Leurs formes peuvent être extrêmement variées : marionnettes à fils comme Polichinelle ou à gaine comme Guignol (les plus connues en Europe), mais aussi marionnettes à tringle, marionnettes à tige des théâtre d'ombres de Chine et d'Indonésie, voire marionnettes sur l'eau vietnamiennes. Les marionnettes représentent des personnages (réels ou imaginaires) ou des animaux ; leur rôle peut être parlé ou muet.
Le mot français « marionnette » est dérivé de Marion, diminutif de Marie, et désignait à l'origine une petite figurine de la Vierge ; dans d'autres langues européennes, le terme s'apparente au mot « poupée » : « puppet » en anglais, « puppe » en allemand, « pupi » dans le théâtre de marionnettes sicilien (où il existe aussi un dérivé du mot « enfant » : « fantoccio », qu'on retrouve aussi en portugais : « fantoche ») ; en revanche, on dit « marioneta » ou « títeres » en Espagne.
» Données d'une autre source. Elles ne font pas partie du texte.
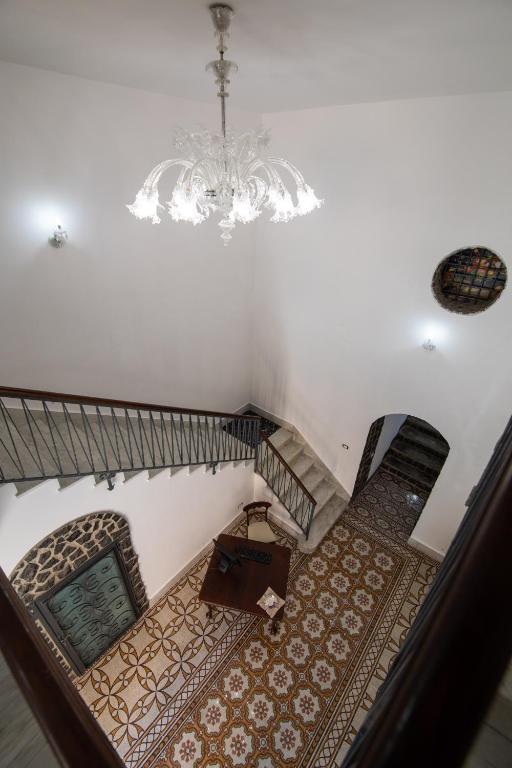 Posteľ alebo postele v izbe v ubytovaní Palazzo Caracciolo del Sole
Le terme « théâtre de marionnettes » désigne à la fois le genre théâtral et le lieu de la représentation.
Histoire
Antiquité
figurines articulées en terre cuite, Ve – IVe siècle, musée national archéologique d'Athènes.
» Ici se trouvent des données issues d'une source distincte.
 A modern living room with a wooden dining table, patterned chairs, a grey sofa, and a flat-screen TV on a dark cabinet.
Les marionnettes exercent un pouvoir de fascination depuis très longtemps. Dans l'Antiquité, des statuettes articulées, appelées nerospastos en grec, étaient utilisées dans des cérémonies religieuses. Hérodote y fait allusion dans ses Histoires à propos de cérémonies dionysiaques en Égypte.
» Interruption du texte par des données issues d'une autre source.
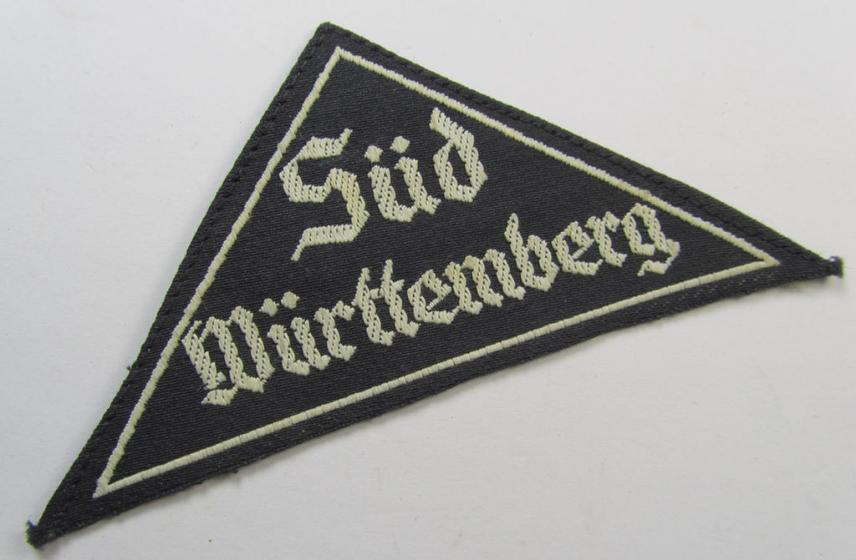 'HJ' ('Hitlerjugend') ie. 'BDM' ('Bund Deutscher Mädel'-) district-triangle (ie. 'Gebietsdreieck') entitled: 'Süd Württemberg' (being an IMO never worn example that still retains its period-attached 'RzM'-etiket)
Dans le Banquet de Xénophon, Philippe, amuseur public originaire de Syracuse qu'accompagnent une flûtiste et un cithariste, parle de ses marionnettes, ce qui suppose l'existence de spectacles. Dans Du mouvement des animaux Aristote compare les mouvements des animaux à ceux de marionnettes.
On sait qu'à Rome aussi il y avait des spectacles de marionnettes, puisque des auteurs comme Horace, Pétrone, Apulée, y font allusion et que les Pères de l'Église les condamnent. Dans le Festin chez Trimalcion, une figurine en argent représentant l'esprit d'un mort (larva) exécute une danse macabre sous les yeux des convives. Ce sont les Romains qui auraient introduit les marionnettes en Gaule et en Germanie durant la décadence de l'empire.
En Orient aussi, les marionnettes sont très anciennes puisqu'on en a trouvé dans des sites de la civilisation de la vallée de l'Indus3.
Danse funéraire de Si Galé Galé chez les Toba Batak, de Sumatra
En Birmanie, les Yokthe Thay possédaient la vertu de guérir. En Indonésie, à Toba Batak du Nord de Sumatra, les habitants créaient des marionnettes sophistiquées appelées Si galé galé. Commandées par un système complexe des cordes et des leviers internes qui leur permettaient de se déplacer et de danser d'une façon réaliste, les Si galé galé jouaient un rôle crucial dans les cérémonies funéraires.
En Amérique du Sud, des fouilles archéologiques récentes ont permis de mettre au jour un bas-relief réalisé durant la période d'invasion toltèque entre 400 et 900 apr. J.-C. qui montre la figurine d'un marionnettiste animant une marionnette à gaine de type Guignol.
En France
Le mot français marionnette date du Moyen Âge et vient d'un des nombreux diminutifs du prénom Marie, à l'instar de Marion, Mariotte ou Mariolle, signifiant « petite Marie chérie ». Ces diminutifs servaient à désigner la Vierge Marie et ses représentations plastiques (1306). À partir du XVIe siècle, le vocable désigne toute figurine de bois, sacrée ou profane, mais s'étend également aux poupées utilisées en sorcellerie.
On trouve pour la première fois l'acception scénique de « marionnette » en 1584 dans l'ouvrage Les Sérées (« Les Soirées ») de Guillaume Bouchet (1513-1594).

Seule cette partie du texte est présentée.